Aims: The short-term mortality of severe alcoholic hepatitis (SAH) is very high, but there are no effective treatments to improve short-term mortality other than corticosteroid. This study investigated the effects of rifaximin treatment in patients with SAH.
Methods: In an open-label trial, patients with SAH (Maddrey’s discriminant function≥32) were randomized to rifaximin or control group, each added to corticosteroid or pentoxifylline for 4 weeks. Randomization was stratified by SAH treatment. Liver transplantation free survival was evaluated. (NCT02485106)

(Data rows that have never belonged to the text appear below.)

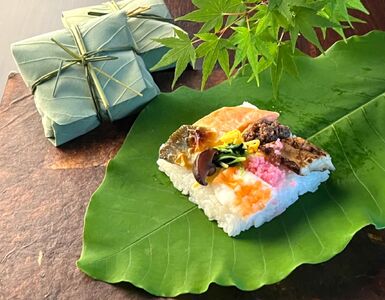 華やか姫街道の朴葉寿司(飛騨牛しぐれ煮と鮎入り) 6個入り / 寿司 寿司 寿司 寿司 寿司 寿司 すし スシ 寿し / 恵那市 / 中山道大井宿 寿司幸[AUBQ001]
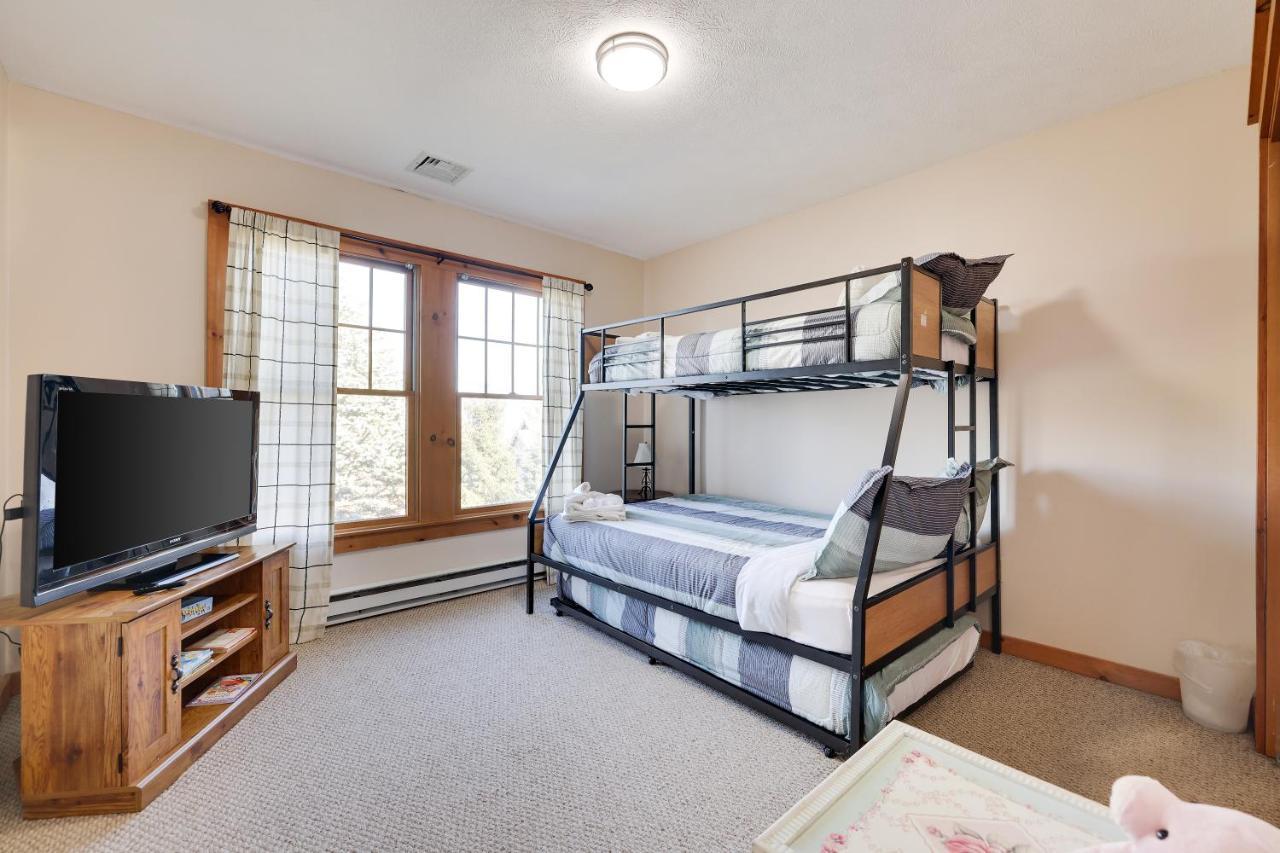 Pocono Mountain Home , Hot Tub- 1 Mile To Skiing! Tannersville Bagian luar foto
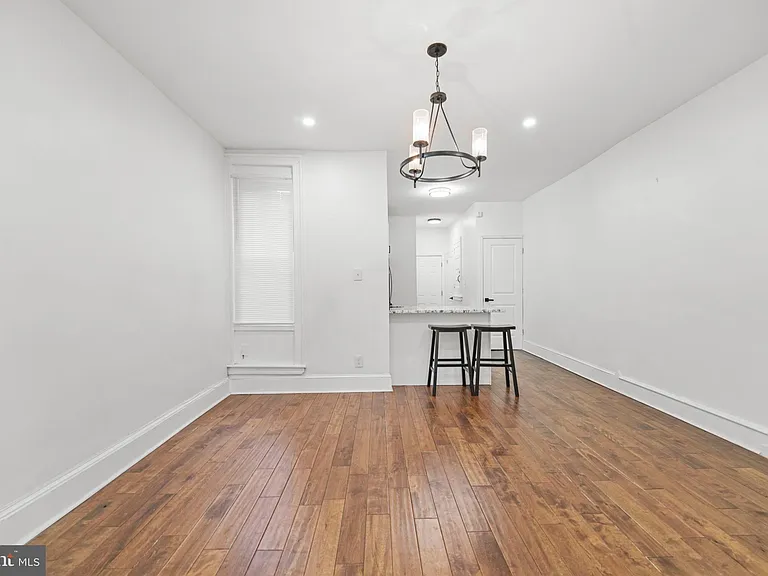 5527 Catharine St — Photo 5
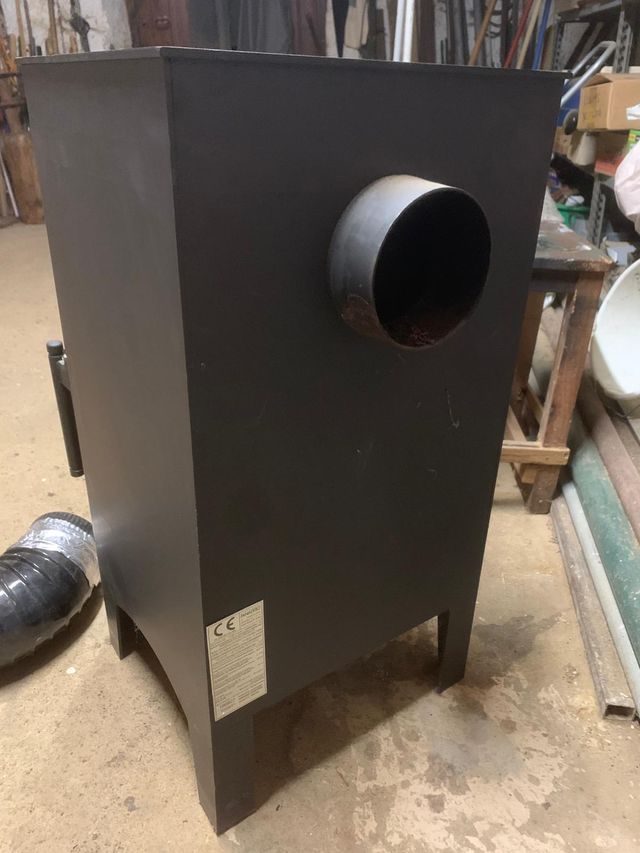 Estufa de leña de segunda mano en buen estado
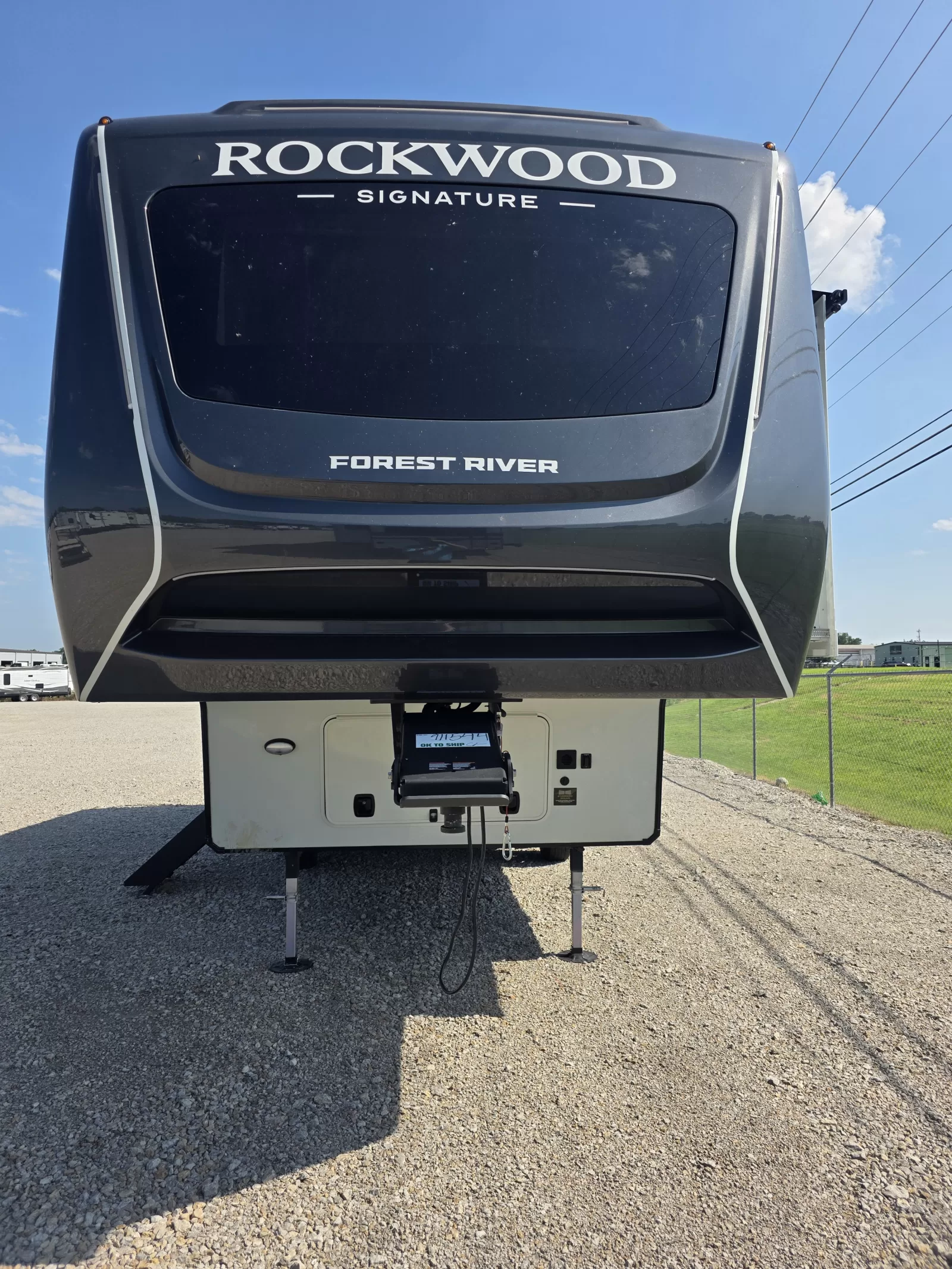 2027 Forest River Rockwood Signature 290SFK fifth wheel detail view at Bell Camper Sales in Bartlesville, Oklahoma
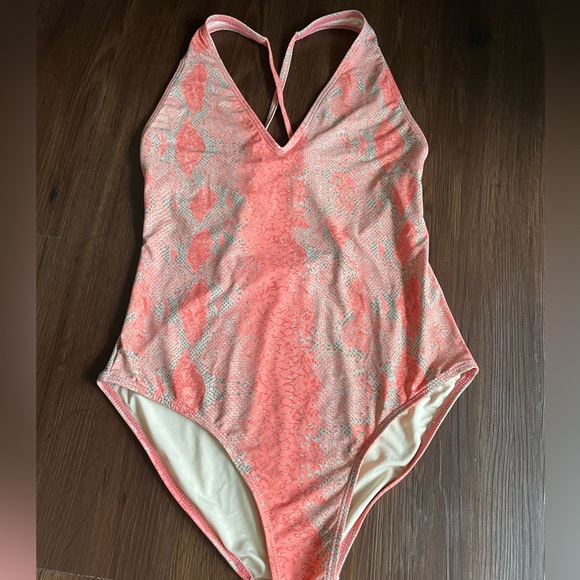 Snakeskin one piece - Picture 2 of 4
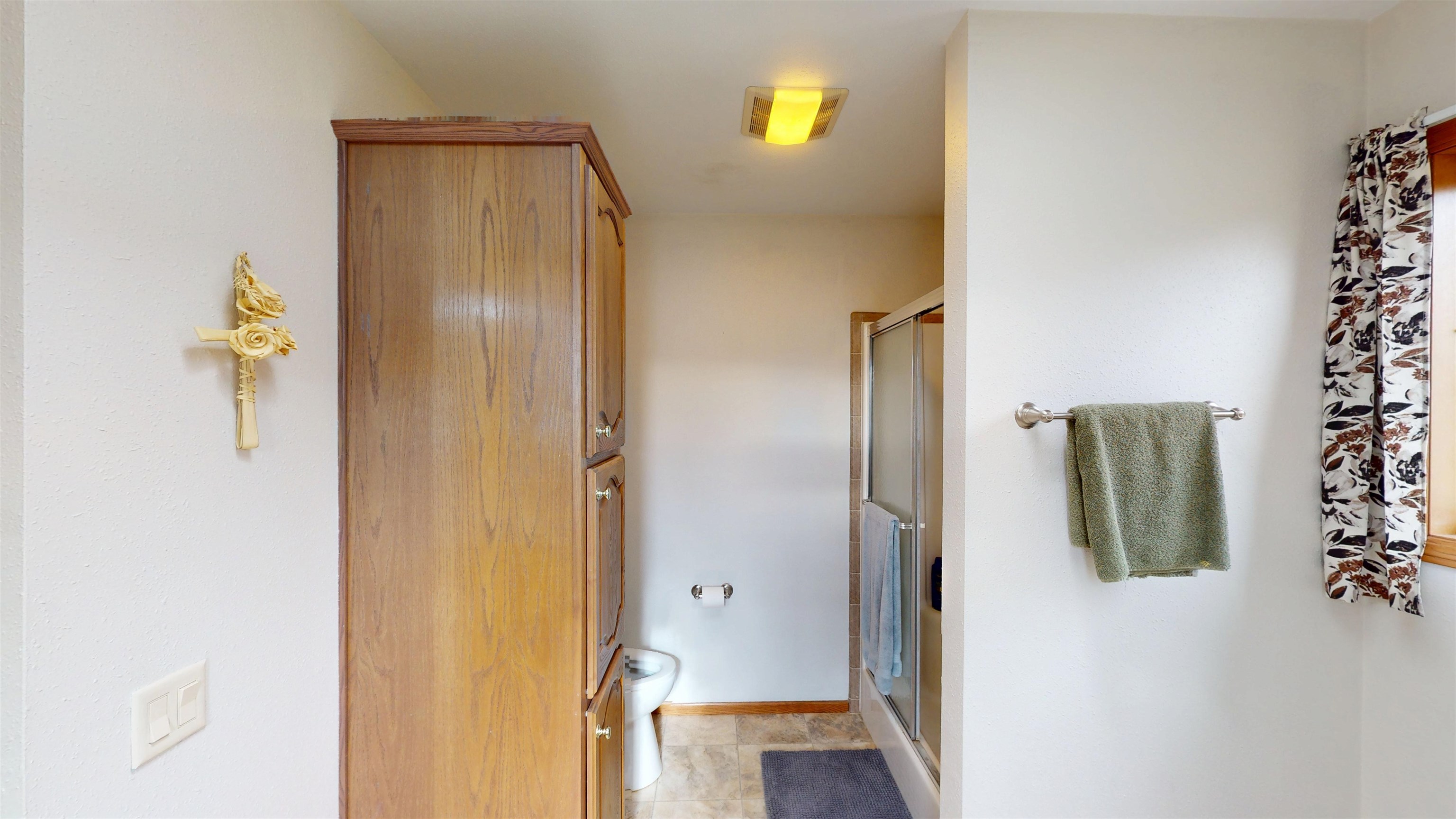 1407 S WASHINGTON AVENUE, Marshfield, Wisconsin 54449, 4 Bedrooms Bedrooms, ,3 BathroomsBathrooms,Residential,For Sale,1407 S WASHINGTON AVENUE,22505537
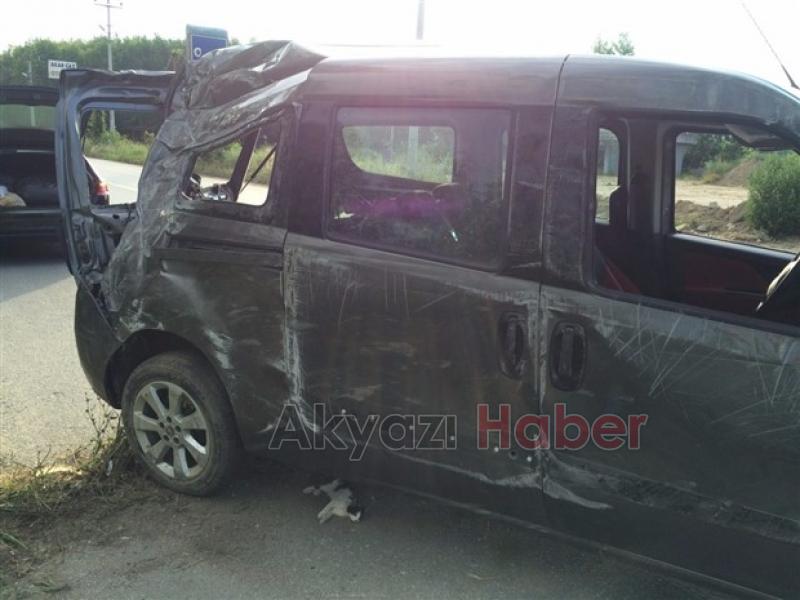 Kontrolü Kaybeden Sürücü Duvara Çarptı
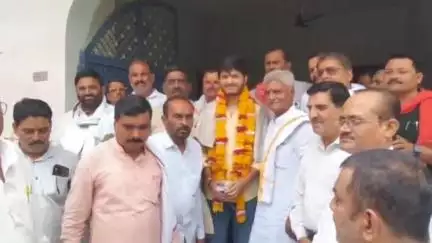 बीना: नीट परीक्षा में नगर के होनहार युवक को मिली 7459वीं रैंक, क्षत्रिय समाज ने प्रताप वार्ड स्थित निवास पर किया सम्मान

Results: Total 49 patients were enrolled in this study (29 in control and 20 in rifaximin group). The mean Model for End-stage Liver Disease (MELD) score were 24.4 and 27.8 in control and rifaximin group (P=0.083). Rifaximin treatment was tolerable and only 1 patients stopped due to adverse event. There were no differences in 3-month and 6-month mortality between two groups (P=0.576 and P=0.239, respectively). Corticosteroid group had higher 3-month and 6-month survival than pentoxifylline group (P=0.03 and P=0.016, respectively). When stratified by SAH treatment, there were no significant 3-month and 6-month survival between control and rifaximin treatment (P=0.516 and P=0.937 in corticosteroid group and P=0.948 and P=0.620 in pentoxifylline group, respectively). Cox Proportional hazard model showed that MELD score, white blood cell count, C-reactive protein were significant factors for 6-month survival, and MELD score was only independent factor for 6-month survival (Hazard ratio 1.188, P=0.001).
Conclusions: In patients with SAH, adding rifaximin to corticosteroid or pentoxifylline was tolerable but had no survival benefit. MELD score was only significant factor for short-term mortality.